Search results with errant document metadata.

What is this stuff, and why is it in your results?

The Origins of Document Metadata

What you’re seeing is called “document metadata,” and it is automatically included in programs such as Microsoft Office. Metadata typically consists of the document’s author and a title. Unless you or your IT staff has customized your program’s settings, the values for these items are usually generated from your login name and the first line of text in your document.

You probably won’t notice document metadata if you pass files back-and-forth through e-mail, but it becomes both visible and vital if these files are posted to the web or internal, web-based collaboration tools within your organization.

Why should you pay attention to metadata?

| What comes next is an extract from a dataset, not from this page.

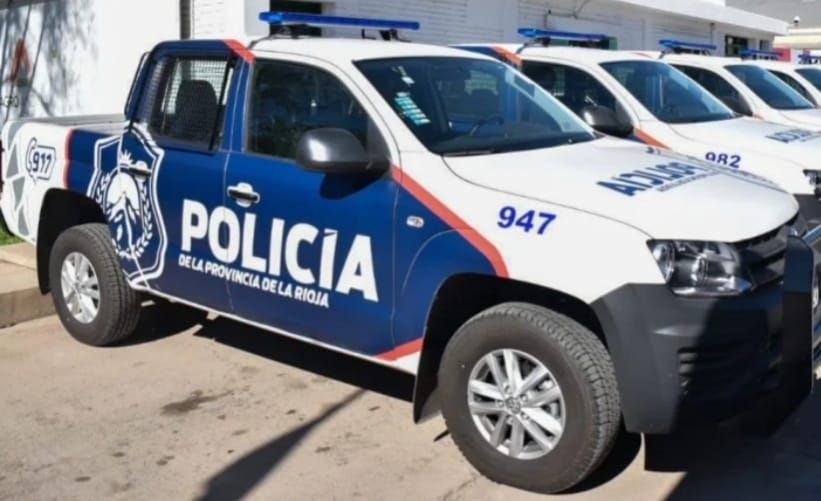 Inseguridad: robaron elementos de una estancia camino a Chepes Viejo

The Importance of Document Metadata

Correct and valid document metadata can go to great lengths to:

  • Improve the user’s experience. The online content your organization publishes will be difficult for users to identify if it comes up with the title “Chapter1.doc” in the results. This goes for both the search engines themselves as well as your own website’s search engine.
  • Boost your visibility in search engine result pages (SERPs). Adding relevant keywords to the title, author, and description of your documents can push these items up in SERP rankings.
  • Reduce the chances of releasing internal or sensitive data to the public. The default settings for your documents’ metadata could include non-public, potentially sensitive, or personally identifiable information such as user names, contact information, and server or network names, among other details. Errant metadata could violate legal disclosure agreements or give social engineers valuable clues into the nature of your internal network.

Microsoft has a helpful article that shows you how to find and update (or remove) metadata in your documents. Metadata is also passed along when you create PDFs from your office application, so you should take care of your data at the source.

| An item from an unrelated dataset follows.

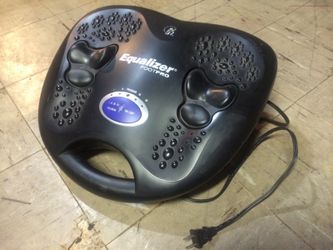 Foot massager portable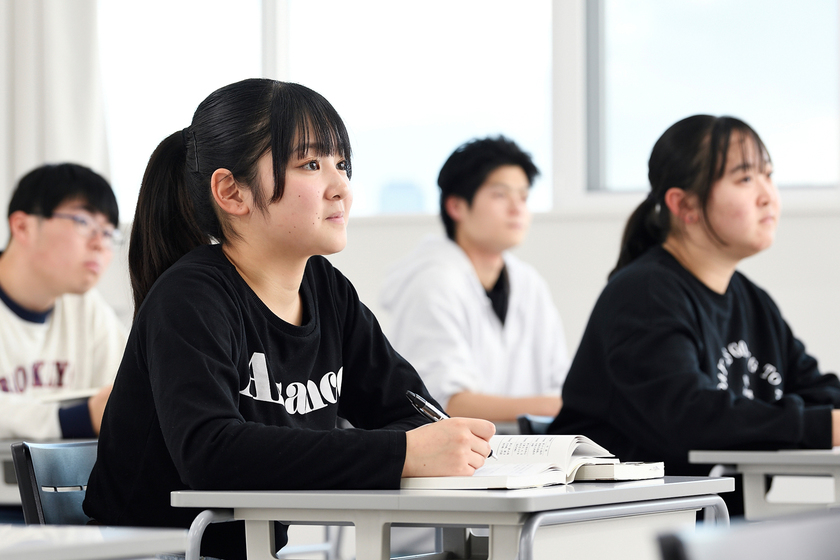 キャンパスライフPhoto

Document Properties and First Impressions

Another tip that may help, especially when creating PDFs, is changing some of “initial view” settings in the document properties. These settings determine how the PDF will appear whenever the user opens the document in the browser or their desktop.

I personally prefer the following defaults in Adobe Acrobat:

My preferred document properties for Adobe Acrobat PDFs.

These settings guarantee that the user sees most, if not all, of the first page in their screen instead of a part of a graphic, magnified text, or, worse, nothing at all … which can happen if the top half of your opening page is blank (for example, if you break print publications into article PDFs without cover pages). Showing the document title helps when the file is open on user’s desktop: if they have more than one window open, the title can help them distinguish between it and files in other open windows.